Supplemental Reporting Measure
First Industrial defines FFO as net income available to common stockholders, plus depreciation and amortization of real estate, minus accumulated depreciation and amortization on real estate sold.
The National Association of Real Estate Investment Trusts (“NAREIT”) has provided a recommendation on how real estate investment trusts (REITs) should define funds from operations (“FFO”). NAREIT suggests that FFO be defined as net income, excluding gains (or losses) from the sale of previously depreciated property, plus depreciation and amortization, and after adjustments for unconsolidated partnerships and joint ventures.
NAREIT has also clarified that non-recurring charges and gains should be included in FFO.
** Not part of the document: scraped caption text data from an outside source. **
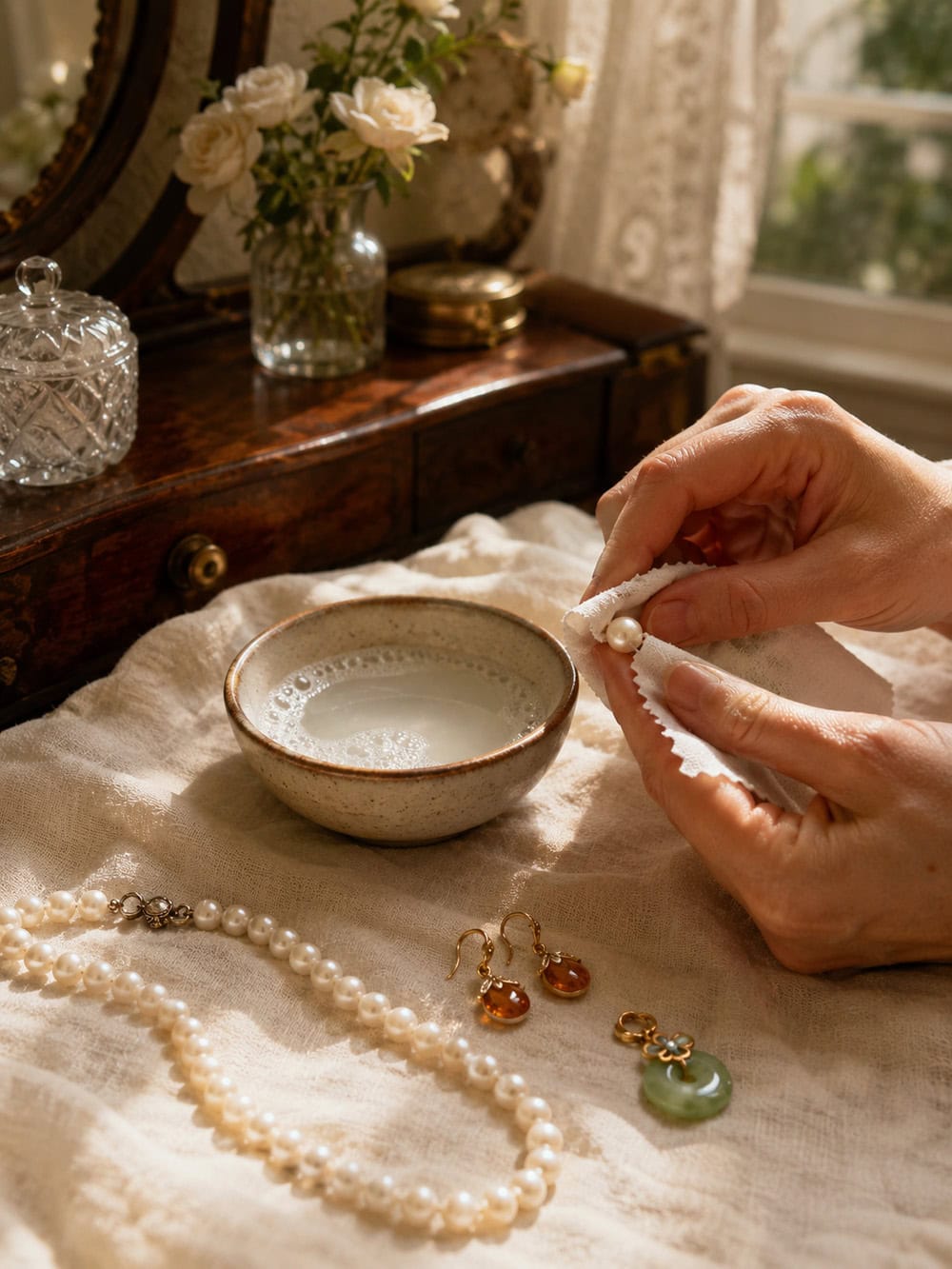 Pearls, Amber and Certain Delicate Gemstones surface that should not be cleaned with vinegar from The Cottage Market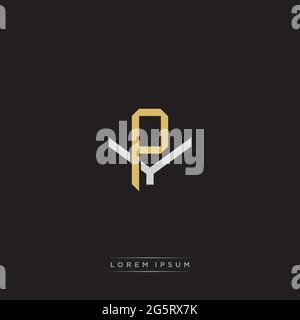 Initial letter overlapping interlock logo monogram line art style isolated on black background template Stock Vector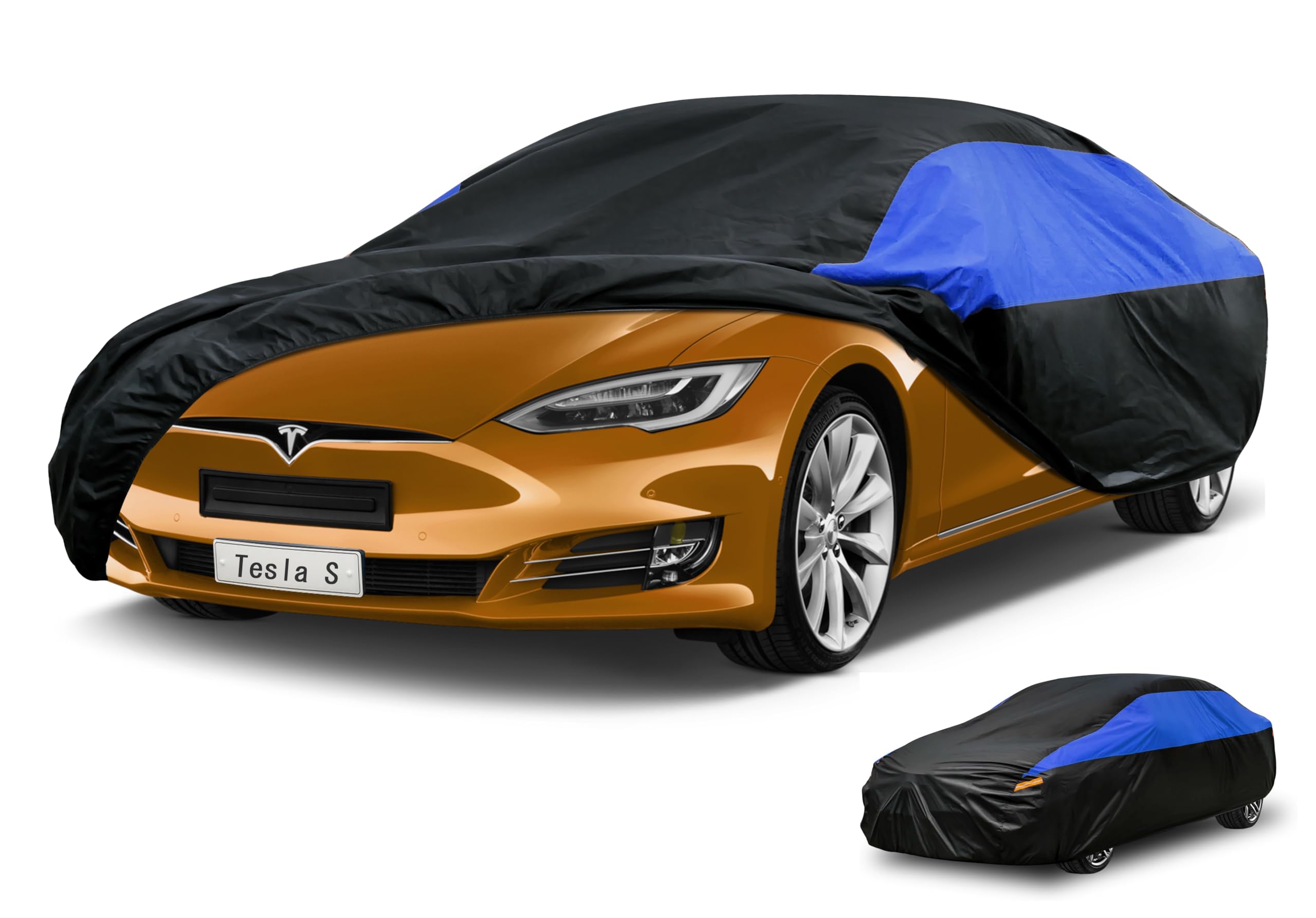 GUNHYI Tesla Car Cover Custom Fit Tesla S Waterproof All Weather, Lightweight Full Exterior Cover for Automobiles Outdoor Sun UV Rain Dust Snow Wind Protection.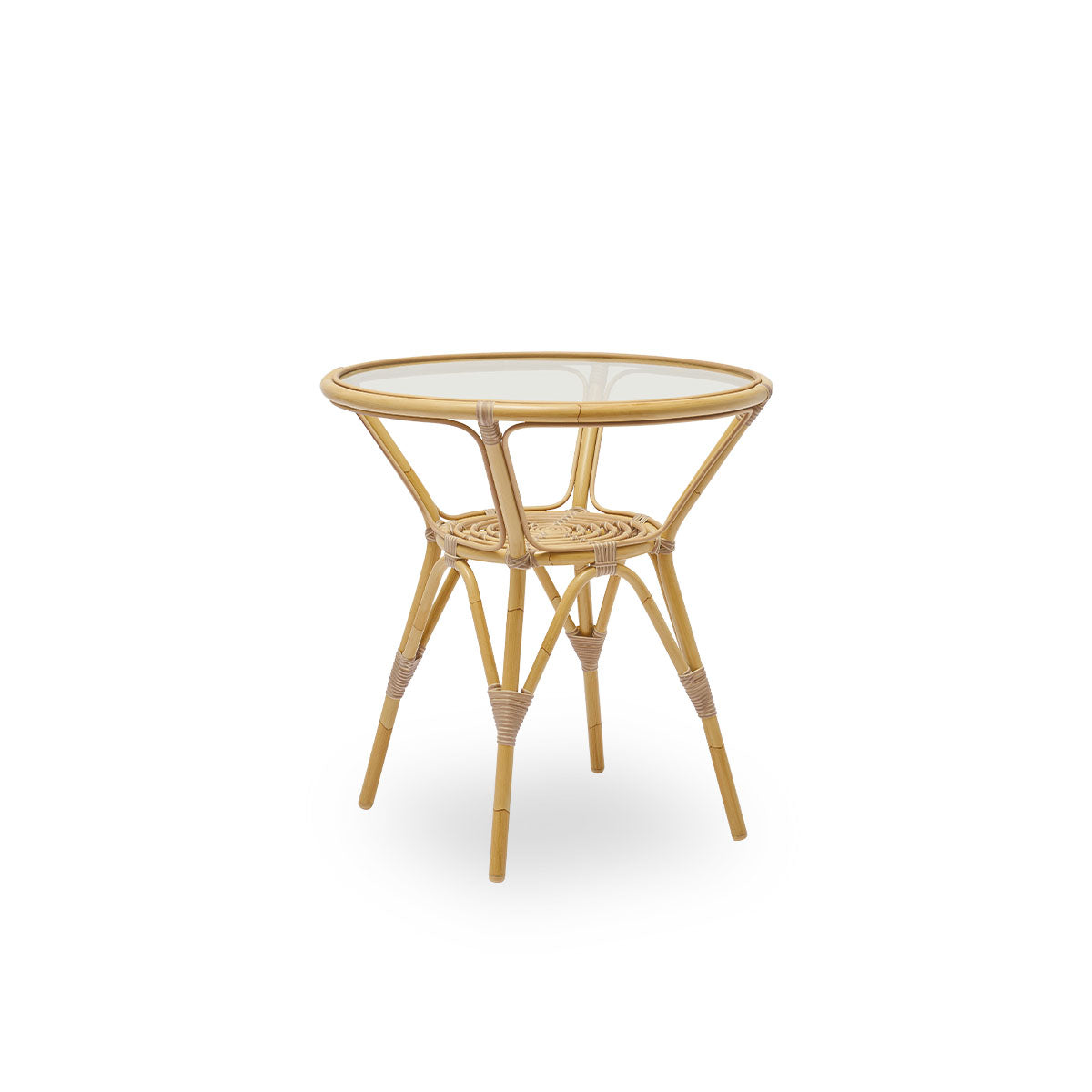 Side view af Tony udendørs cafébord med 8 mm hærdet glasbordplade fastgjort inde i bordrammen. Aluminiumsramme i rattan-look med ArtFibre-omviklinger.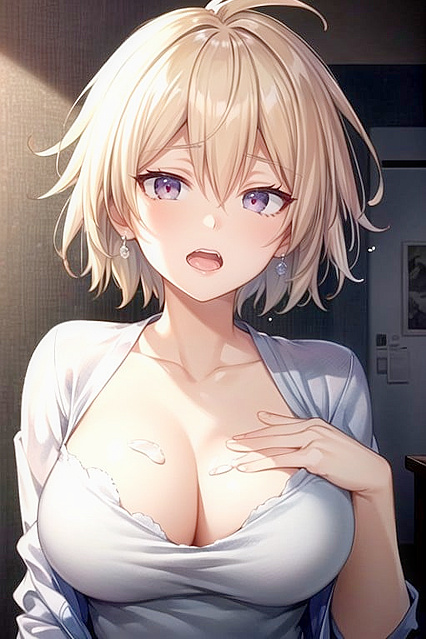 Glowing Red-Eyed Cat Girl 18+ with Perky Nipples in Nude Hentai Action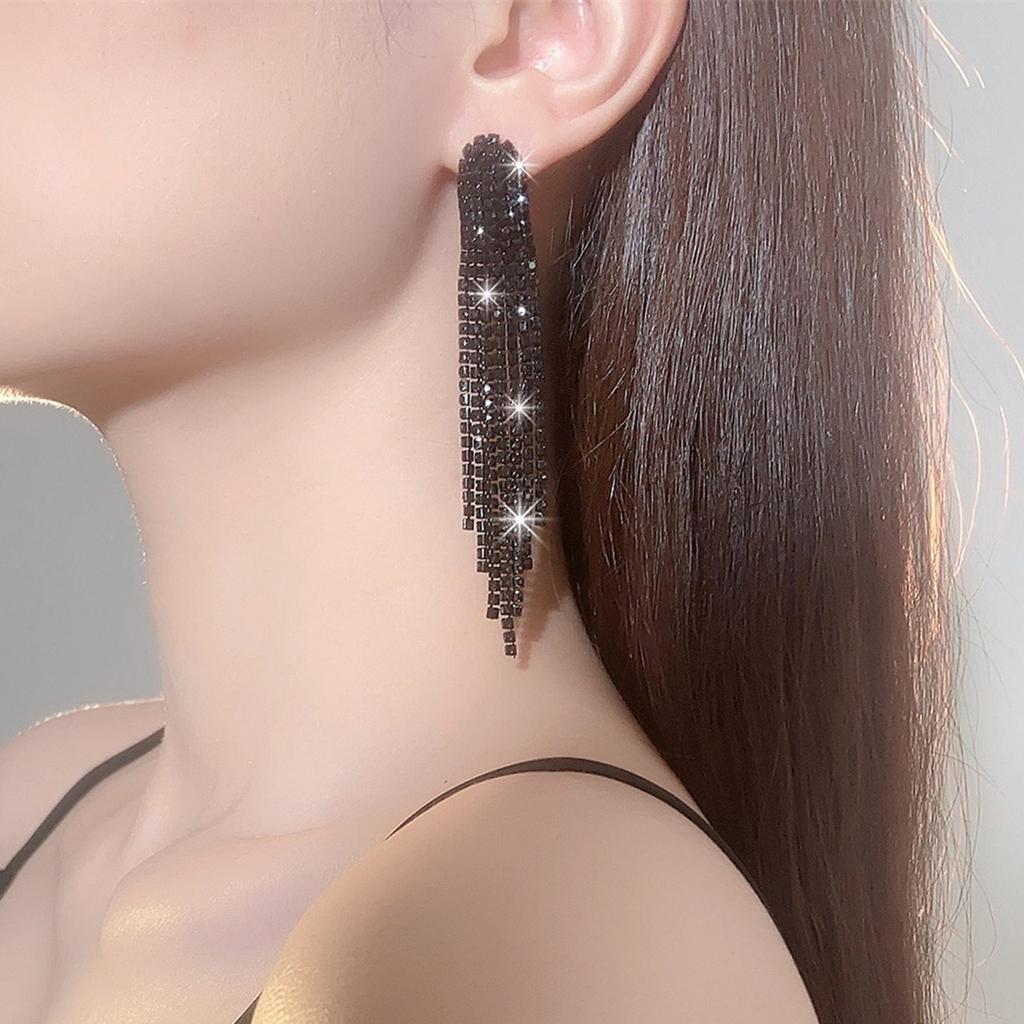 Премиальное чувство роскоши супер-вспышки длинные серьги с кисточками из кристаллов модный темперамент универсальные серьги вечерние серьги женские серьги 1 пара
Importantly, as part of its guidance concerning FFO, NAREIT has stated that the “management of each of its member companies has the responsibility and authority to publish financial information that it regards as useful to the financial community.” As a result, modifications to the NAREIT calculation of FFO are common among REITs.
First Industrial calculates FFO to include all cash gains and losses on all industrial property sales whether depreciation is or is not accumulated under the GAAP accounting rules.
The Company believes that FFO inclusive of all cash gains and losses is a better performance measure because it reflects all the activities of the Company and better reflects the Company’s strategy, which includes investing in real estate; adding value through (re)development, leasing and repositioning; and then selling the improved real estate in order to maximize investment returns.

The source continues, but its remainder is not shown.